Wie das französische Finanzministerium Ende März meldete, lag das Defizit des Landes im Jahr 2012 bei 4,8 Prozent des Bruttoinlandsproduktes (BIP). Und der Gesamtschuldenstand Frankreichs erreichte den Rekordwert von 90,2 Prozent des BIP, rund 1,834 Billionen Euro.

Konjunkturprognose gesenkt
Und eine Verbesserung scheint nicht in Sicht: Finanzminister Pierre Moscovici hat jetzt auch die Konjunkturprognose für dieses und das kommende Jahr deutlich gesenkt. Demnach wird es 2013 nur ein Miniwachstum von 0,1 Prozent geben, für das Jahr 2014 werden 1,2 Prozent erwartet. Ursprünglich war ein Wachstum von 0,8 Prozent für dieses und 2,0 Prozent für das nächste Jahr angepeilt worden.

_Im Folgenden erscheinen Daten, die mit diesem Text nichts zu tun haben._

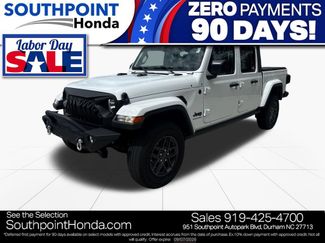 Used 2024 Jeep Gladiator Sport AWD/4WD video 3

Grande Nation profitiert von Deutschland
Seine Bewertung der Situation Frankreichs decke sich allerdings nicht mit der Einschätzung des Finanzmarktes, betont Mayer. Frankreich profitiere am Markt von seiner politischen Nähe zu Deutschland. Doch gerade das habe keine positiven Auswirkungen für den Staat: Der Druck, Reformen in Angriff zu nehmen, fehle.

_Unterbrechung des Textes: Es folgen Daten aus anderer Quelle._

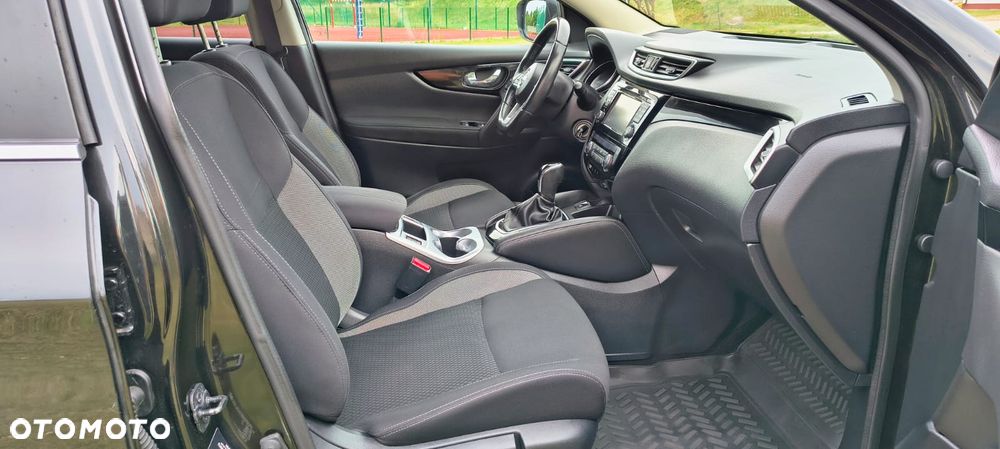 Nissan Qashqai - 12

Experte sieht "erheblichen Nachholbedarf"
Um nicht endgültig ins Trudeln zu geraten, sollten Italien und Belgien Mayer zufolge vor allem ihre Staatsverschuldung senken - und ihre Haushalte sanieren. Darüber hinaus müsse Malta seinen Bankensektor schrumpfen. Frankreich habe "erheblichen Nachholbedarf in beinahe allen Bereichen" - außer der Größe seines Finanzsektors.
Und auch Mayers Prognose klingt nicht übermäßig optimistisch: Alle Länder unter dem Rettungsschirm hätten "noch eine gute Wegstrecke vor sich", bevor sie wieder das Vertrauen der Märkte genießen könnten.